How does a shift reduce parser know what rule to apply?

When writing a shift reduce parser, how does a shift reduce figure out what rule to apply efficiently? For example, if I have the following rules
S –> S + S
S –> id
How would the parser quickly determine the rule to apply in the following parse stacks?
$ id # id -> S
$ S # shift
$ S + # shift
$ S + id # id -> S
$ S + S # S + S -> S
$ S
All the examples I've seen just pull the correct rule out of nowhere, but what is the code behind choosing a rule? Pseudocode would be appreciated.
I've taken the examples from here, but pretty much any shift reduce parsing articles I find online just magically know what rule to use and don't show how to choose them.
The rule number is in the parsing table. In other words, it was precomputed when the parsing table was created.
An LR state is a set of LR items, where each item is a production and an index into the production, usually written with a •. When you take a transition from one state to the next one, you move the • one symbol to the right in all the qualifying items. For a shift action, an item qualifies if the symbol following the • is the token being shifted, and for a goto action, which happens at the end of a reduction, an item qualifies if the symbol following the • is the non-terminal which was just reduced.
Normally not all the items in a state qualify, unless there is just one item in the state. But it can happen that there are two or more qualifying items; that's an indication that the grammar probably wasn't LL. Anyway, it doesn't matter. The parser generator takes all the qualifying items and uses them to create a new state (or look up an already constructed state). Newly constructed states are completed by "ε-closure", which is a fancy way of saying that you add all the productions for each non-terminal which follows the • in the new state. (Recursively, which is why it's called a closure.)
When the parser reaches a state where the • is at the end of an item, it can reduce that particular item, which is precisely the production which will be reduced. Reducing an item basically means backing up the parser until you reach the beginning of the item's production, which 8s what the parser stack is used for: each stack entry is a transition, do as you pop the stack you move backwards in the parse history. Once you reach the beginning of the item, you must be in a state which has a goto action on the production's non-terminal. That must be the case because an item with the • at the beginning was added during ε-closure, which only happens when some item(s) in the state have their • before that non-terminal. Then you take the goto action, which registers the fact that an instance of that non-terminal has just been recognised, and continue from there. So there's no magic.
Each reducible item has a lookahead set, which was also computed during table construction, consisting of the possible tokens which might come next. If the actual next token --the lookahead token-- is in that set, the reduction is allowed to happen. If the lookahead token follows the • in the current state, a shift action is allowed. If a state has both a possible reduction action and a possible shift action on the same token, the table has a parsing conflict and the grammar is not LR. The same if two different items are both reducible on that state on the same lookahead. For a grammar to be LR, every state can have at most one possible action for every different lookahead token. (If it has no possible action for the current lookahead, the parse fails and a syntax error is reported.)
In my opinion, you can't really learn this algorithm by reading about, although I've tried to write it. To see how it works, you need to construct (or borrow) a parsing table and play parser, armed with a whiteboard or a big pad of paper to keep track of the parsing stack. If you can find (or build) a parsing table where the items have not been deleted, you might find it easier to follow, although it takes up a lot more space. (G2G, like many "tutorials", deleted the items, possibly making it look like magic. But there are other resources, such as the infamous Dragon Book.)
The parser itself doesn't need to look at the items; all the relevant information has been summarised in the parsing table, which I suppose is why sites like G2G don't show them. And they do create a lot of clutter. Bison can produce Graphview source for an image of the parsing automaton; you need to supply the --report=all command-line option if you want to see the ε-closure in each state.

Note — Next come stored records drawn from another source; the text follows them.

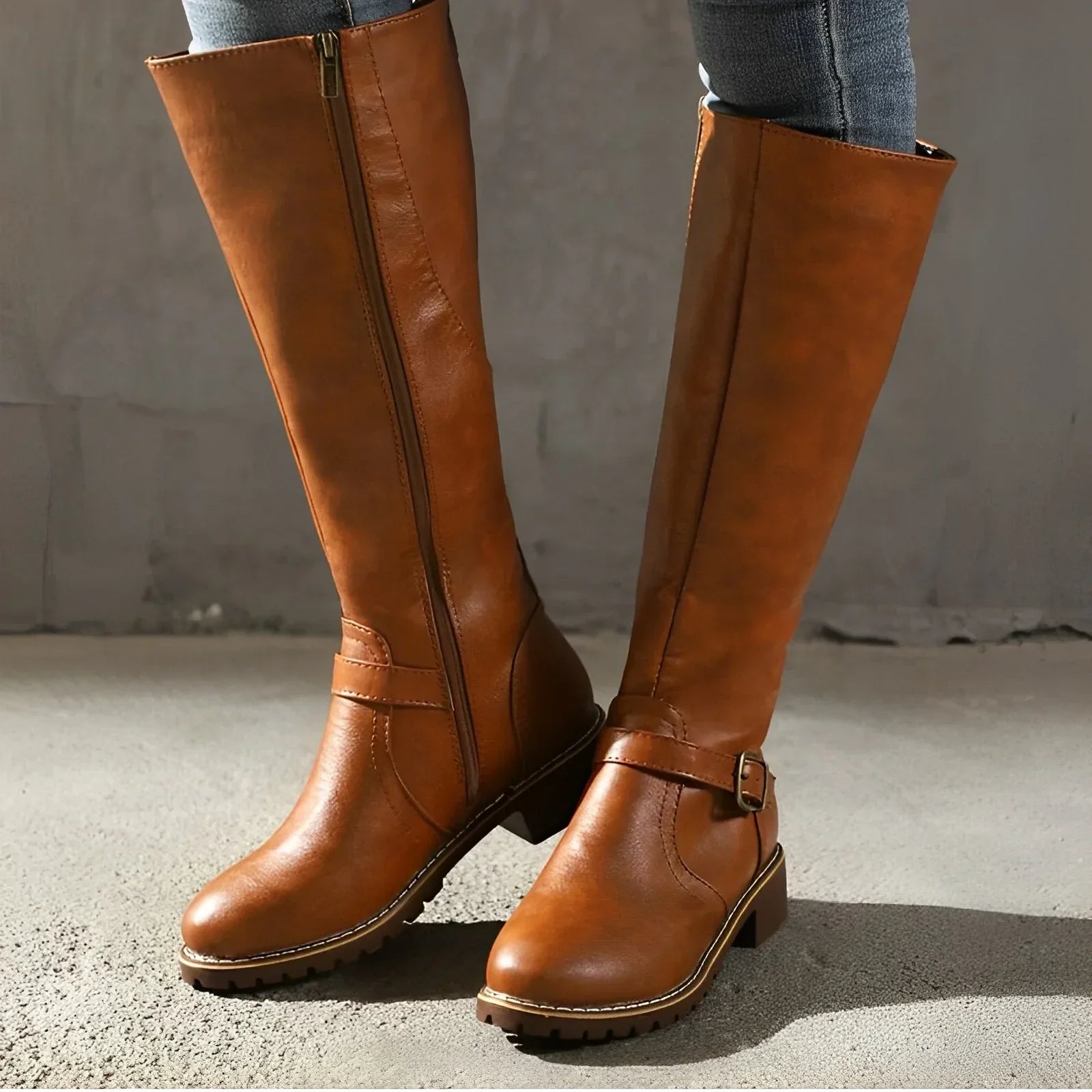 Victoria - Lange Stiefel mit Metallschnalle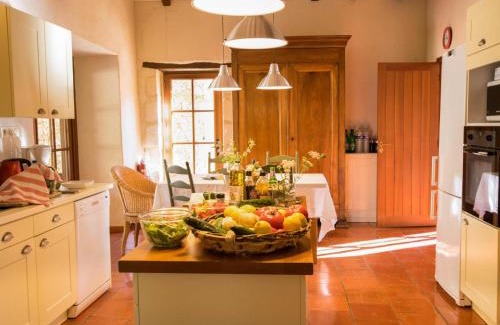 Issac Casa | Gapard La Grange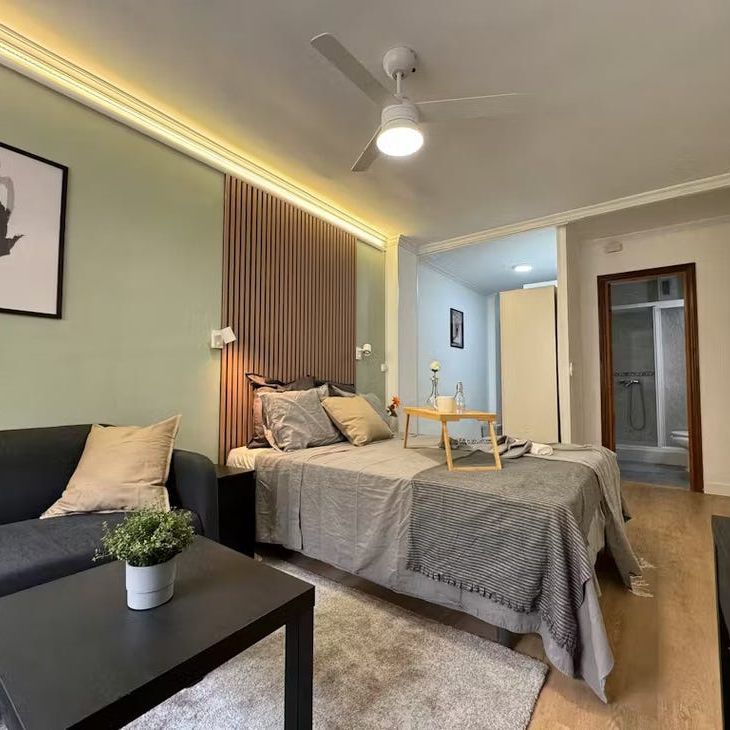 Plaza Villafranca de los Barros, Madrid, Community of Madrid 28034 - Photo 1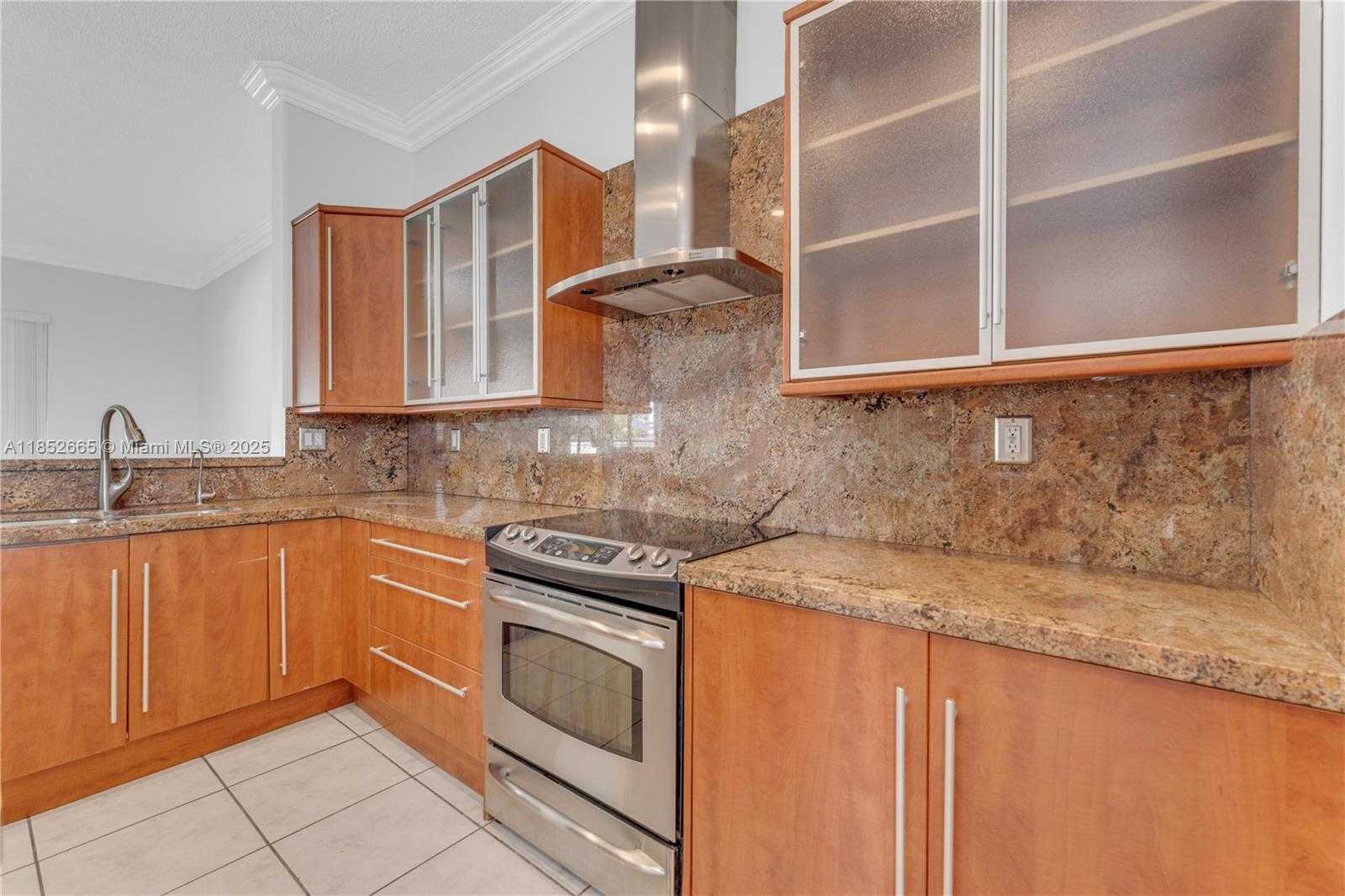 Small Image of 5355 SOUTH WEST 34TH WAY, Hollywood Number 10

In shift reduce parsing why the handle always eventually appear on top of the stack and never inside?

I was going through the text Compilers Principles, Techniques and Tools by Ullman et. al where I came across the excerpt where the authors try to justify why stack is the best data structure of shift reduce parsing. They said that it is so because of the fact that
"The handle will always eventually appear on top of the stack, never inside."
The Excerpt
This fact becomes obvious when we consider the possible forms of two successive steps in any rightmost derivation. These two steps can be of the form
In case (1), A is replaced by , and then the rightmost nonterminal B in that right side is replaced by . In case (2), A is again replaced first, but this time the right side is a string y of terminals only. The next rightmost nonterminal B will be somewhere to the left of y.
Let us consider case (1) in reverse, where a shift-reduce parser has just reached the configuration
The parser now reduces the handle to B to reach the configuration
in which is the handle, and it gets reduced to A
In case (2), in configuration
the handle is on top of the stack. After reducing the handle to B, the parser can shift the string xy to get the next handle y on top of the stack,
Now the parser reduces y to A.
In both cases, after making a reduction the parser had to shift zero or more symbols to get the next handle onto the stack. It never had to go into the stack to find the handle. It is this aspect of handle pruning that makes a stack a particularly convenient data structure for implementing a shift-reduce parser.
My reasoning and doubts
Intuitively this is how I feel that the statement in can be justified
If there is an handle on the top of the stack, then the algorithm, will first reduce it before pushing the next input symbol on top of the stack. Since before the push any possible handle is reduced, so there is no chance of an handle being on the top of the stack and then pushing a new input symbol thereby causing the handle to go inside the stack.
Moreover I could not understand the logic the authors have given in highlighted portion of the excerpt justifying that the handle cannot occur inside the stack, based on what they say about B and other facts related to it.
Please can anyone help me understand the concept.
The key to the logic expressed by the authors is in the statement at the beginning (emphasis added):
This fact becomes obvious when we consider the possible forms of two successive steps in any rightmost derivation.
It's also important to remember that a bottom-up parser traces out a right-most derivation backwards. Each reduction performed by the parser is a step in the derivation; since the derivation is rightmost the non-terminal being replaced in the derivation step must be the last non-terminal in the sentential form. So if we write down the sequence of reduction actions used by the parser and then read the list backwards, we get the derivation. Alternatively, if we write down the list of productions used in the rightmost derivation and then read it backwards, we get the sequence of parser reductions.
Either way, the point is to prove that the successive handles in the derivation steps correspond to monotonically non-retreating prefixes in the original input. The authors' proof takes two derivation steps (any two derivation steps) and shows that the end of the handle of the second derivation step is not before the end of the handle of the first step (although the ends of the two handles may be at the same point in the input).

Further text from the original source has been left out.